=== Extracted material ===

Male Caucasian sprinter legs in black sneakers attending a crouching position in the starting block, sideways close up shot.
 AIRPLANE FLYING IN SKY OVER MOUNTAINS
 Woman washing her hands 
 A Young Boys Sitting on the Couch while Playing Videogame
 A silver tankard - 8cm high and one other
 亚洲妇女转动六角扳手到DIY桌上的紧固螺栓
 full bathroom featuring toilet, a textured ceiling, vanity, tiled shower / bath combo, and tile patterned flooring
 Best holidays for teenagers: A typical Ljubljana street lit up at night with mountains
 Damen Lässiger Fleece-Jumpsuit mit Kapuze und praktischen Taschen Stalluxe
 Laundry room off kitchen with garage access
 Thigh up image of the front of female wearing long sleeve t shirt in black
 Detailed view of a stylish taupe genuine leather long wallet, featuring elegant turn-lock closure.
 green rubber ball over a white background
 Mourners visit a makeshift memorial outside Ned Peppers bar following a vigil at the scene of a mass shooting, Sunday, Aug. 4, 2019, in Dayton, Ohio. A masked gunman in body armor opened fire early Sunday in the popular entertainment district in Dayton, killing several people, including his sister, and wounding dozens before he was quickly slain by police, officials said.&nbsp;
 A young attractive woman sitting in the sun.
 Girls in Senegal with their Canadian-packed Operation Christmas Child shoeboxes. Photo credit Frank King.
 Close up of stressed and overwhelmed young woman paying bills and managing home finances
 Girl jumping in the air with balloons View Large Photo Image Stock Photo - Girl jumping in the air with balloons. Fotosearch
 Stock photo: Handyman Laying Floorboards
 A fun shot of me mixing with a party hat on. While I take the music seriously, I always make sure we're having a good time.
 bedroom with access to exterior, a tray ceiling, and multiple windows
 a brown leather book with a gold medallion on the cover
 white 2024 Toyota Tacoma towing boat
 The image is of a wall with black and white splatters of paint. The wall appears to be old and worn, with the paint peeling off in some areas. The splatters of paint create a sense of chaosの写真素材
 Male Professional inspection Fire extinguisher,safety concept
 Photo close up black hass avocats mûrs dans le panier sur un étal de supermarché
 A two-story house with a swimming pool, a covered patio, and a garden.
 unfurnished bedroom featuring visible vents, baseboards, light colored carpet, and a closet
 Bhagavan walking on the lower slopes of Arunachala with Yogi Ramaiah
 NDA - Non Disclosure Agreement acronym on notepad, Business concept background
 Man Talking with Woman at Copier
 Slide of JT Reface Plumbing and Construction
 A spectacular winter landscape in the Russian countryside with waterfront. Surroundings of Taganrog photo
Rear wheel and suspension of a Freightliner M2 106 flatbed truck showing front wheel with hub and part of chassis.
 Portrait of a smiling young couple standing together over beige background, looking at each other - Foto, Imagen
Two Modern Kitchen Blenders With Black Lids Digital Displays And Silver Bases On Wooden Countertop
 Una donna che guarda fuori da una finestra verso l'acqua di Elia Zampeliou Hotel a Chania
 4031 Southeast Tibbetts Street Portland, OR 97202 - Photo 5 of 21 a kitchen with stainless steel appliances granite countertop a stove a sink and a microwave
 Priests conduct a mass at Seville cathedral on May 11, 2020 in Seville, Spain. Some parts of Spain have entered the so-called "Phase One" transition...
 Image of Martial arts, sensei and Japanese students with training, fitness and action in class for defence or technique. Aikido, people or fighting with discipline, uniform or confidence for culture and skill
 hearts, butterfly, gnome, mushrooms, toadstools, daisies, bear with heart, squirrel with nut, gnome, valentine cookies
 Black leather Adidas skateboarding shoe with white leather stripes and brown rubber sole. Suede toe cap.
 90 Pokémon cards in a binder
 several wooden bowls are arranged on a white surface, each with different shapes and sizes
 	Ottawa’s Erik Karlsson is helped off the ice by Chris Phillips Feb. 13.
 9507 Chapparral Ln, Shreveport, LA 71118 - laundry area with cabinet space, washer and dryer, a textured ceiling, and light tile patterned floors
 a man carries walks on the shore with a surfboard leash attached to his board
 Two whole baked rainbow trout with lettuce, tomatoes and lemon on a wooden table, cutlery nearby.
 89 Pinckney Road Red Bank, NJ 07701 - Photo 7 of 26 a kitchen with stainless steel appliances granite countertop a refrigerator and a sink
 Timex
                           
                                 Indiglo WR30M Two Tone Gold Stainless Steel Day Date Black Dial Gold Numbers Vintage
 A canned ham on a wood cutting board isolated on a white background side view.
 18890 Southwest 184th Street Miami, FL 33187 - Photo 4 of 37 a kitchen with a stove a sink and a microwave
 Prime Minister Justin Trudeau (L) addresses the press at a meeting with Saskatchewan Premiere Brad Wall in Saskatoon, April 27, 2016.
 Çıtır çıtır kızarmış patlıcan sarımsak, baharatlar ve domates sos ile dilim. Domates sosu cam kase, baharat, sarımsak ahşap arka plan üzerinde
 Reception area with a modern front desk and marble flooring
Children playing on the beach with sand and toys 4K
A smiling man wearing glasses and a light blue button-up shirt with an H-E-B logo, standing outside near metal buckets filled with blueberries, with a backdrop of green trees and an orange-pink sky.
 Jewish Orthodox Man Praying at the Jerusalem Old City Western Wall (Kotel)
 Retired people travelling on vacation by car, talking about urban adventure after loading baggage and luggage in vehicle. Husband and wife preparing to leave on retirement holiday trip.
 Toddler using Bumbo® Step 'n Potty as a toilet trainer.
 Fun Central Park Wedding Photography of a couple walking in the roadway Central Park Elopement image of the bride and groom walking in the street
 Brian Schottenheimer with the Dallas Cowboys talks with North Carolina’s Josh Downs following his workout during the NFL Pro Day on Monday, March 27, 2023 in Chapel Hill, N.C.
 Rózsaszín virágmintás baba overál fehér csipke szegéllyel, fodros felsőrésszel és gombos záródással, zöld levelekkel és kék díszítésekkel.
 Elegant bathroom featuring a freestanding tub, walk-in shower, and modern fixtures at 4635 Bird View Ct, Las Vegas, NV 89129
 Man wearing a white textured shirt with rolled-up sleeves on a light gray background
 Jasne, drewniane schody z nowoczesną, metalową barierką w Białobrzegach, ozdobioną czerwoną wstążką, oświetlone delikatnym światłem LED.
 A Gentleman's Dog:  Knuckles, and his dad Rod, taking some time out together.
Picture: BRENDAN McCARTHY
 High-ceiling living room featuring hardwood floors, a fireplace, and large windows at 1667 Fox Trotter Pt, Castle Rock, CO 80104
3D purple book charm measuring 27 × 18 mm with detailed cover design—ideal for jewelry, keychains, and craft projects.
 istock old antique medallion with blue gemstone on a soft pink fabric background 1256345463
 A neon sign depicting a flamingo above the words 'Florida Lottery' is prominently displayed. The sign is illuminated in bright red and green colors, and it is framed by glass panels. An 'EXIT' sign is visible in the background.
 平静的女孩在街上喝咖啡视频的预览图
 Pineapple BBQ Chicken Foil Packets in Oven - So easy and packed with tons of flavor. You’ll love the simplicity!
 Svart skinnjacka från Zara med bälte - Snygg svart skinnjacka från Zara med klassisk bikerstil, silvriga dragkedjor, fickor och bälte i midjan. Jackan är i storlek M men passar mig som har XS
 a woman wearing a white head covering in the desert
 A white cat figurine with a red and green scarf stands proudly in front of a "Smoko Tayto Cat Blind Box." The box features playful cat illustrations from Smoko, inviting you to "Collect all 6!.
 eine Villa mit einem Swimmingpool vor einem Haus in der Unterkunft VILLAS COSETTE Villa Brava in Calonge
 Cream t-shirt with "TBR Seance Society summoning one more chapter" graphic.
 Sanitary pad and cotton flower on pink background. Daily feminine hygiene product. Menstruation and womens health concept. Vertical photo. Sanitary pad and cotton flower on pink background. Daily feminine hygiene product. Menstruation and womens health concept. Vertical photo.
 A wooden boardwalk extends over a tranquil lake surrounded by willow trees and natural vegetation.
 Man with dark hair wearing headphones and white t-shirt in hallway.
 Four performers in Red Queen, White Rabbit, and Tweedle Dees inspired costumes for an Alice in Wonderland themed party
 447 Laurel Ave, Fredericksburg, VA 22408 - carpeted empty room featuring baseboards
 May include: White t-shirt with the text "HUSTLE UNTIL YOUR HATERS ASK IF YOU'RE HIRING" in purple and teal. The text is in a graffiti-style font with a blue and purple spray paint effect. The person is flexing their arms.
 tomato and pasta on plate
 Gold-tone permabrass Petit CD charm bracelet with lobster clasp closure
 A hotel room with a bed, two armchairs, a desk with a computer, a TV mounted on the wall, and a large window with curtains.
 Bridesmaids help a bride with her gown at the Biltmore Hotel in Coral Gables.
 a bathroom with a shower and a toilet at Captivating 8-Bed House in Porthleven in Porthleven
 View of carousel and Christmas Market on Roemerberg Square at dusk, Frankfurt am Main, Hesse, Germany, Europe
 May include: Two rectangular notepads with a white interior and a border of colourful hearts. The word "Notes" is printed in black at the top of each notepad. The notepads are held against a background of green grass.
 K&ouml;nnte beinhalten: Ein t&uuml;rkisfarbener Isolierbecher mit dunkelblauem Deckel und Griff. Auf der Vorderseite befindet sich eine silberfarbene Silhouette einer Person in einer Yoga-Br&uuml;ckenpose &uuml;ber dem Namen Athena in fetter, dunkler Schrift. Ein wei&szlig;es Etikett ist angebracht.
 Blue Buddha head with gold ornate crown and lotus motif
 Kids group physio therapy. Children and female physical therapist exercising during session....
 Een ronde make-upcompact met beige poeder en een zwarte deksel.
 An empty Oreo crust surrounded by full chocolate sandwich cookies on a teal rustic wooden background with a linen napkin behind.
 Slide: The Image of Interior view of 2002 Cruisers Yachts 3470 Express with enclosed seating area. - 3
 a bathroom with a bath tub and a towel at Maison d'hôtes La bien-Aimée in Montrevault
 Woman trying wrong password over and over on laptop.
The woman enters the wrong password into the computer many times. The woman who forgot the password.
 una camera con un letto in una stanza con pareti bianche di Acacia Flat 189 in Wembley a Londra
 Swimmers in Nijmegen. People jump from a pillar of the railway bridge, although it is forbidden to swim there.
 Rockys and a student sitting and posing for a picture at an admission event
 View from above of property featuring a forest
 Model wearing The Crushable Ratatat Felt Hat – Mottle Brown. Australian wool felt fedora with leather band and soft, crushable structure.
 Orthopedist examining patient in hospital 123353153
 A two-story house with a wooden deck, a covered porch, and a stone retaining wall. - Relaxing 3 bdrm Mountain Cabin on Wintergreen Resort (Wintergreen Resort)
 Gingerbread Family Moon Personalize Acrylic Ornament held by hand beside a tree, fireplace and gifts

===

What to produce: Give back precisely the lines above that start at the line containing "Damen Lässiger Fleece-Jumpsuit" and end at the line containing "A fun shot of", inclusive. No other lines belong in the output.

Written solution:
 Damen Lässiger Fleece-Jumpsuit mit Kapuze und praktischen Taschen Stalluxe
 Laundry room off kitchen with garage access
 Thigh up image of the front of female wearing long sleeve t shirt in black
 Detailed view of a stylish taupe genuine leather long wallet, featuring elegant turn-lock closure.
 green rubber ball over a white background
 Mourners visit a makeshift memorial outside Ned Peppers bar following a vigil at the scene of a mass shooting, Sunday, Aug. 4, 2019, in Dayton, Ohio. A masked gunman in body armor opened fire early Sunday in the popular entertainment district in Dayton, killing several people, including his sister, and wounding dozens before he was quickly slain by police, officials said.&nbsp;
 A young attractive woman sitting in the sun.
 Girls in Senegal with their Canadian-packed Operation Christmas Child shoeboxes. Photo credit Frank King.
 Close up of stressed and overwhelmed young woman paying bills and managing home finances
 Girl jumping in the air with balloons View Large Photo Image Stock Photo - Girl jumping in the air with balloons. Fotosearch
 Stock photo: Handyman Laying Floorboards
 A fun shot of me mixing with a party hat on. While I take the music seriously, I always make sure we're having a good time.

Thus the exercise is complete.